In the 1970s, a curiosity called the "Christian Yellow Pages" made the
rounds of churches and certain businesses run by evangelicals. It contained
names of professions one finds in the regular Yellow Pages - plumbers, taxi
drivers, auto mechanics, dry cleaners - except these were owned and operated
by certified, God-fearing, Bible-believing Christians. The clear implication
was that businesses found in the Christian Yellow Pages would do a better
job at a better price than the presumed "heathen" who advertised in the
bigger yellow book.
I never saw any data that proved a connection between faith in Jesus and the
ability to repair a car at a reasonable cost, so I usually went with the
shop that did the best job at the lowest price and didn't bother to ask if
the repairman went to church.
Voters who require statements of faith from presidential candidates risk
disappointment. Many evangelicals who voted for Jimmy Carter regretted
having done so when they saw his post-election policies and what they
regarded as his incompetence as president. Bill Clinton could quote
Scripture, but not many would hold him up as an evangelical icon, given his
roving eye and impeachment for lying under oath.

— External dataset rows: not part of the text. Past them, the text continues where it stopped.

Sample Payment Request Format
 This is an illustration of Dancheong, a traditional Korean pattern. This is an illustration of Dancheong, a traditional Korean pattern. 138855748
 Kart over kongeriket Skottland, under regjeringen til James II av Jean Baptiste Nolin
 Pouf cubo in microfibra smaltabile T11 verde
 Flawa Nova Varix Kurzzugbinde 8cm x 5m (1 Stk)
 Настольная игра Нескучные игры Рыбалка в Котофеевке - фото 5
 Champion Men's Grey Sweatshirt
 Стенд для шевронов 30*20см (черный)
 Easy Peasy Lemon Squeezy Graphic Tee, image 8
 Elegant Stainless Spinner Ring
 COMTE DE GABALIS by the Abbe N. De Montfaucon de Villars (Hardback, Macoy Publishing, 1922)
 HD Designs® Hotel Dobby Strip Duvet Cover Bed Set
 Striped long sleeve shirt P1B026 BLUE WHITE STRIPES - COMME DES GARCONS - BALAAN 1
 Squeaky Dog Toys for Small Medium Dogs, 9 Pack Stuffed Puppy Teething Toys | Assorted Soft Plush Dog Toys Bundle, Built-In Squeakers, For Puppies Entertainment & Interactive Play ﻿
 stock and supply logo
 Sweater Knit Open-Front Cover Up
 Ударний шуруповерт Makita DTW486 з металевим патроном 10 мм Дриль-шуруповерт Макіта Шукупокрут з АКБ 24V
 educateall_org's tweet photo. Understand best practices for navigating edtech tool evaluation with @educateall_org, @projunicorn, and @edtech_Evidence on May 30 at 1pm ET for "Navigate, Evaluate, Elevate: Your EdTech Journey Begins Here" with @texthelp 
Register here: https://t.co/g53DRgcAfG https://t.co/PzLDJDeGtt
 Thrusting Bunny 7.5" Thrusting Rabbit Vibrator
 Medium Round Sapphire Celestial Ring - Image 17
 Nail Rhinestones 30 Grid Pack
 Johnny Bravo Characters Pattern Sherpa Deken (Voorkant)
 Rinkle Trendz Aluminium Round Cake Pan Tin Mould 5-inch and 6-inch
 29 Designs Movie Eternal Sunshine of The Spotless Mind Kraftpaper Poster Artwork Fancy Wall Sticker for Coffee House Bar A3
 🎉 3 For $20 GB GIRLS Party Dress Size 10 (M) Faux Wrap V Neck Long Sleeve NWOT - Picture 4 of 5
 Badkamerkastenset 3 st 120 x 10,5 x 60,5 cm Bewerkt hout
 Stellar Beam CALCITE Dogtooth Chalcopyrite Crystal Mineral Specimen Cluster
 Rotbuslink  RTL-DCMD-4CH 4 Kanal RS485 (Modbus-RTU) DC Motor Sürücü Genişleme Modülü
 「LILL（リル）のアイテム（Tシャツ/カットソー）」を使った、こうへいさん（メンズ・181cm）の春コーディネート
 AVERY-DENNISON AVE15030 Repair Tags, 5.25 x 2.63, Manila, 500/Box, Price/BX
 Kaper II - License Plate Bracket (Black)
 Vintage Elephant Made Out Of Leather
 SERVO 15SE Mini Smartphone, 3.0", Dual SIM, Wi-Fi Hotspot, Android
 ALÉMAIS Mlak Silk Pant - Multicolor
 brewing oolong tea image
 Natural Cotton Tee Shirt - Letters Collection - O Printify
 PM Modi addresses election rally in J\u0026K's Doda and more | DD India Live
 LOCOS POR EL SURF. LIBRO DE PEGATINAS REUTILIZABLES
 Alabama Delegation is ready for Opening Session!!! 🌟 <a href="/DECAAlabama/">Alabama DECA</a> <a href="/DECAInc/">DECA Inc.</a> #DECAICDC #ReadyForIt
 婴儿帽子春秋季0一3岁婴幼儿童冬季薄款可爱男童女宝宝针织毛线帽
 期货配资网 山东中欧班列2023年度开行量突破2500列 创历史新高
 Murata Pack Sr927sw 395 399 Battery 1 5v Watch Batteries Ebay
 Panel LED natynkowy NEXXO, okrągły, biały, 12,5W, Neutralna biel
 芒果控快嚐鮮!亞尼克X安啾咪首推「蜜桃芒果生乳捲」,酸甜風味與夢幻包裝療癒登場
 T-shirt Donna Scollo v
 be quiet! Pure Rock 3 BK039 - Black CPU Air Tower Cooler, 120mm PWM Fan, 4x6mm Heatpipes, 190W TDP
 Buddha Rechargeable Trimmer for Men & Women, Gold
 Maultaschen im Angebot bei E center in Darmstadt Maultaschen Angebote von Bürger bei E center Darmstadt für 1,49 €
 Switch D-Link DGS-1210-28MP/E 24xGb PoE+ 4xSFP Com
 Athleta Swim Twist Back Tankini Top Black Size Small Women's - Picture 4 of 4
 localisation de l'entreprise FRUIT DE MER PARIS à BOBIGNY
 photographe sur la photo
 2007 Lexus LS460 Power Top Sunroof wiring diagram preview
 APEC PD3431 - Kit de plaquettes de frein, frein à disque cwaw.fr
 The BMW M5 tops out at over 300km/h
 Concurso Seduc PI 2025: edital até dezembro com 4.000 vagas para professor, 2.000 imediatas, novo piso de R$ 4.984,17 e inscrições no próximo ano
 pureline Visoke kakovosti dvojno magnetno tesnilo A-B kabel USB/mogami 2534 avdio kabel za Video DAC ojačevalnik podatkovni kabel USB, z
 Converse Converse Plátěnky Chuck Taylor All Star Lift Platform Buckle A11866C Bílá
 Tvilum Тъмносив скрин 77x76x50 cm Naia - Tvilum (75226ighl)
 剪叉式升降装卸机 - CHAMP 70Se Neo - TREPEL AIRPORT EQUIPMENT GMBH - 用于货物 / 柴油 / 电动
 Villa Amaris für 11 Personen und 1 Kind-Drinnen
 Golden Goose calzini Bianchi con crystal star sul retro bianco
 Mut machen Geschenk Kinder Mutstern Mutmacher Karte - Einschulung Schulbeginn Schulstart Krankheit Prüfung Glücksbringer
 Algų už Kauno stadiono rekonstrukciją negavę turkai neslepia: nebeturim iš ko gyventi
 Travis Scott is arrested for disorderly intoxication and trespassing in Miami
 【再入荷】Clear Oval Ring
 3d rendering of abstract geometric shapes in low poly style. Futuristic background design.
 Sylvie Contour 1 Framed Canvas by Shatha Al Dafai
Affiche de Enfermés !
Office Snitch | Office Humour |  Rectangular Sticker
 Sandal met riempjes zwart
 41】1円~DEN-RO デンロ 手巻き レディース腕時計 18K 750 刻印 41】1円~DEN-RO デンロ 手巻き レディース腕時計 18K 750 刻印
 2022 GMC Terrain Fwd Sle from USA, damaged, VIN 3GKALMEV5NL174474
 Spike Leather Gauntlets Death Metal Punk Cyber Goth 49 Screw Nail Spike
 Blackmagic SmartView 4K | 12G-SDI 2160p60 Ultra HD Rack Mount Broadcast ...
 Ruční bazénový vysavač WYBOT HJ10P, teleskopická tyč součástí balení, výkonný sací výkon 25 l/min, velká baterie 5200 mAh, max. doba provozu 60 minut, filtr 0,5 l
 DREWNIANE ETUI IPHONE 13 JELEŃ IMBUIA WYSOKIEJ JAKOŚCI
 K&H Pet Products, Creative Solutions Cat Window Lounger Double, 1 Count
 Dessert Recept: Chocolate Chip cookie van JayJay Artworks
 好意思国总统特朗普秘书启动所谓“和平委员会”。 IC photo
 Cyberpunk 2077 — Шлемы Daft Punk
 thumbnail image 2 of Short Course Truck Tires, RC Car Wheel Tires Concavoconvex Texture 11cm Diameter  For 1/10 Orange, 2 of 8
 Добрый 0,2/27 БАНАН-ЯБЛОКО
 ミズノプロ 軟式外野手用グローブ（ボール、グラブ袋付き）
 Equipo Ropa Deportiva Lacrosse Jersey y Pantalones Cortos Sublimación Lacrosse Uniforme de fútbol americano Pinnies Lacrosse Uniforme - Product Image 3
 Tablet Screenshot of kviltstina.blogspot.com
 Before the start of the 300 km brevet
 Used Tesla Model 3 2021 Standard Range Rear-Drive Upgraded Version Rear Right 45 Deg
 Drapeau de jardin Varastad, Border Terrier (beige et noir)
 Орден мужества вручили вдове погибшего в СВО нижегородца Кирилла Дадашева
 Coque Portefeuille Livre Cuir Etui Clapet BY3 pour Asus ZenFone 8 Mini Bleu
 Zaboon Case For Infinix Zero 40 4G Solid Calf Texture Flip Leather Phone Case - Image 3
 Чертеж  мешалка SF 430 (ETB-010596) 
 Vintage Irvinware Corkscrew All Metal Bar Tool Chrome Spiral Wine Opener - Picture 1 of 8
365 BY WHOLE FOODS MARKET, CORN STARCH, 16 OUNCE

Much of this fixation on audible faith has to do with evangelicals having
been ignored by culture following the embarrassment associated with the
Scopes Trial 82 years ago. Emerging from their political catacombs in the
late 1970s, these Christians basked, if not in new respect, then in the
intoxication that comes with public attention. They were told they were now
players in the kingdom of this world and in presidential politics. Their
leaders were invited into the corridors of political power. They exchanged
real power and its ability to transform lives for temporal power, which
changes little of lasting importance.
While requiring politicians to express belief in Jesus and the Bible, many
evangelical voters ignore Christ's statements about the source of genuine
power. They also conveniently forget what Christ said about how they would
be regarded and treated by a world that had rejected Him (and still does as
the best-selling atheistic works of Christopher Hitchens and Richard Dawkins
attest). It was Jesus, in whom Mitt Romney said he believed, who warned, "If
the world hates you, keep in mind that it hated me first" (John 15:18) and
"If they persecuted me, they will persecute you also" (John 15:20). Those
warnings are not the creed of contemporary evangelicals who think
persecution is a negative newspaper editorial or a disparaging remark by a
skeptic on a cable TV show. Too many contemporary evangelicals want the
blessing without obeying their real commander in chief, who said doing
things His way would bring real persecution.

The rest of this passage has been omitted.